Dane o liczbie strajkujących podawane przez kuratoria są niższe niż szacunki ZNP. Niektóre szkoły czy przedszkola wycofały się z udziału w akcji przed piątkiem. Nie strajkują szkoły w Kaliszu, Włocławku, Tomaszowie Mazowieckim, Piotrkowie Trybunalskim, Bełchatowie czy w Strzelcach Opolskich.
Nauczyciele biorący udział w proteście są w szkołach, ale nie prowadzą lekcji. Listy osób strajkujących zostały przekazane rano dyrektorom. Strajkujący najczęściej przebywają w pokojach nauczycielskich, gdzie rozmawiają, sprawdzają klasówki i zadania. Budynki szkół biorących udział w proteście zostały oflagowane.
Według danych regionalnych oddziałów ZNP i kuratoriów oświaty, protest nauczycieli przebiega bez incydentów, dzieci mają zapewnioną opiekę, rodzice byli wcześniej informowani o akcji. Niektóre oddziały ZNP mówią o naciskach ze strony kuratorium, by nie przystępować do protestu i by odpracować ten dzień w którąś z sobót.
Na Mazowszu – według kuratorium – protest trwa w 7,94 proc. szkół i przedszkoli; nie było zgłoszeń rodziców, że dzieci pozostawiono bez opieki.
Według kuratorium w Wielkopolsce w strajku bierze udział 6 proc. szkół w regionie; a do ogólnopolskiego protestu nie przystąpiły placówki m.in. w Kaliszu i Ostrowie Wielkopolskim. Według danych ZNP natomiast jest 400 placówek, czyli ok. 31 proc. W samym Poznaniu protestują nauczyciele z 45 placówek.
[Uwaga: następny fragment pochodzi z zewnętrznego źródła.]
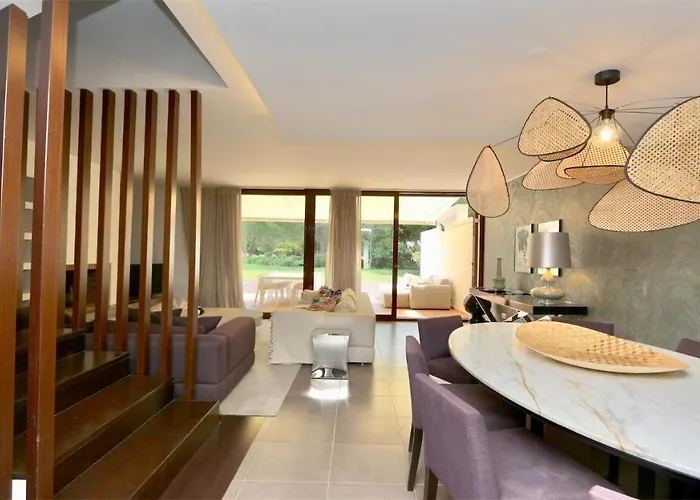 펜션 Mitri, Monte Laguna-cleverdetails, 5 Bedroom Villa, Sleeps 8 Adults 2 Children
W Łódzkiem do strajku – według ZNP – przystąpiło ok. 500 placówek edukacyjnych. W samej Łodzi w proteście wzięli udział nauczyciele z ponad 160 szkół – głównie gimnazjów, ale także dwie trzecie szkół podstawowych, nieliczne szkoły ponadgimnazjalne, przedszkola i poradnie pedagogiczno-psychologiczne. W strajku nie biorą udziału szkoły z Tomaszowa Mazowieckiego, Piotrkowa Trybunalskiego i Bełchatowa.
W woj. warmińsko-mazurskim w proteście bierze udział 134 z 1127 placówek, czyli niespełna 12 proc. Według kuratorium są wśród nich szkoły, gdzie do strajku przystąpili wszyscy i takie, gdzie strajkuje jeden nauczyciel. Łącznie w proteście bierze udział ok. 2 tys. osób, 10 proc. pedagogów w regionie. Inne dane ma miejscowy oddział ZNP – szacuje on, że do protestu przystąpiło 150 z 210 szkół, które deklarowały w referendach, że wezmą w nim udział.
Według informacji z gdańskiego ZNP w strajku uczestniczy około 4,5 tysiąca pracowników z 352 placówek oświatowych w Pomorskiem (wcześniej chęć udziału w strajku deklarowało o ponad 70 placówek więcej). W samym Gdańsku – według informacji przekazanych PAP przez wiceprezydenta miasta Piotra Kowalczuka – ok. 250 pracowników z ponad 40 placówek oświatowych działających na terenie miasta (w sumie jest ich 176). W Gdyni w strajku biorą udział nauczyciele i inni pracownicy z 35 (na 103 istniejące) placówek. W piątkowe południe samorząd nie dysponował informacjami o konkretnej liczbie pedagogów, którzy przyłączyli się do protestu.
Według danych ZNP w województwie kujawsko-pomorskim protestuje 261 na 870 placówek oświatowych (30 proc.). Dane Kuratorium Oświaty w Bydgoszczy mówią o 205 szkół na 2074 czyli 9,88 proc. Ze statystyk ZNP wynika, że strajkuje 5246, a kuratorium 3447 osób. Przedstawiciele Urzędu Miasta Torunia poinformowali, że strajk odbywa się w 40 na 70 podległych im publicznych placówek. Z danych Wydziału Edukacji i Sportu Urzędu Miasta Bydgoszczy wynika, że strajk podjęli nauczyciele w 42 na 118 placówek.
Normalnie odbywają się zajęcia we wszystkich szkołach we Włocławku. Przedstawiciele wojewódzkiego ZNP dodali, że w szkołach w tym mieście wywieszone są flagi z deklaracją solidarności z innymi nauczycielami, ale strajk aktywny nie został podjęty.